Les prestations médicales
Le forfait de base
Le gouvernement a mis en place un forfait de base que les compagnies d'assurance santé sont légalement tenus d'offrir. Avec le paquet de base vous sont couverts pour les éléments suivants:
- Les soins médicaux, y compris les services par les médecins généralistes, les hôpitaux, les médecins spécialistes et des obstétriciens
- Séjour à l'hôpital
- Les soins dentaires (jusqu'à l'âge de 18 ans, lorsque 18 ans ou plus, vous ne sont couverts que pour les spécialistes des soins dentaires et les fausses dents)
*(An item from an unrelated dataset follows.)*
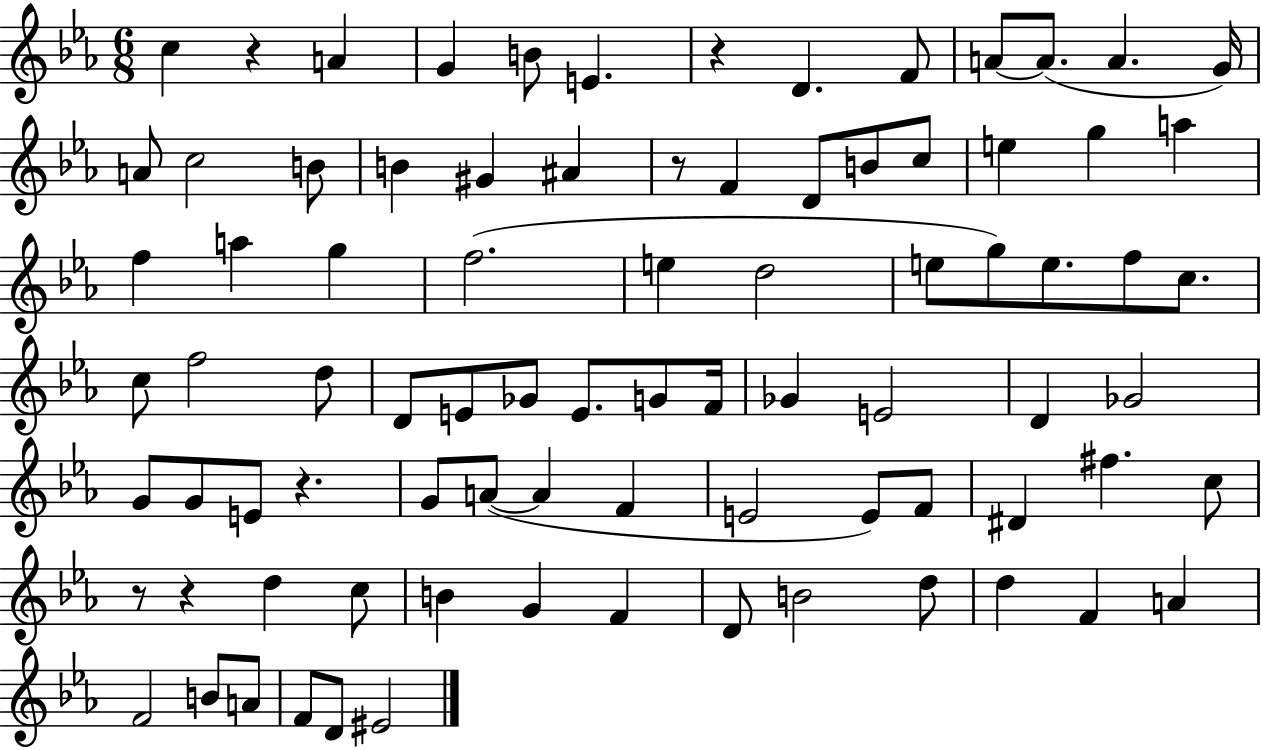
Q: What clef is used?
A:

- Divers appareils médicaux
- Divers médicaments
- Les soins prénatals
- Transport de malades (par exemple, ambulance)
- Soins paramédicaux
Vous pouvez décider d'acheter une assurance supplémentaire pour les cas non compris dans le forfait de base. However, in this case insurance companies can reject your application and they have the right to determine the price . Toutefois, dans ce cas les compagnies d'assurance peut rejeter votre demande et ils ont le droit de déterminer le prix. The basic package costs roughly 95 euros per month. Le forfait de base coûte environ 95 euros par mois.
Si vous travaillez pour une entreprise aux Pays-Bas, vous pouvez également opter pour une assurance santé collective politique. Cela pourrait être une bonne option car elle est souvent moins cher. Toutefois, vous n'êtes pas obligé d'acheter une telle politique si elle est offerte à vous et à votre employeur n'est pas obligé de vous faire une offre. Parlez-en à votre employeur sur les possibilités.
Le «non-revendication" rabais
This is known as the 'no-claim rebate rule'. Those who do incur health costs, but less than 255 euros, will receive a reduced rebate equal to the difference between the actual costs and the maximum rebate amount. Ceci est connu sous le nom de «non-demande de remise règle». Ceux qui ne font encourir des dépenses de santé , Mais moins de 255 euros, bénéficieront d'une réduction du rabais égal à la différence entre les coûts réels et le montant maximum de remboursement.
Les coûts de GP consultations et des soins de maternité (prénatal et néonatal) sont ignorés lors du calcul de la remise de droit. La demande de non-remise règle s'applique uniquement à la couverture d'assurance standard, et de ne pas tout complément politiques. La règle ne s'applique pas non plus à des personnes de moins de 18 ans (car ils ne paient pas de primes).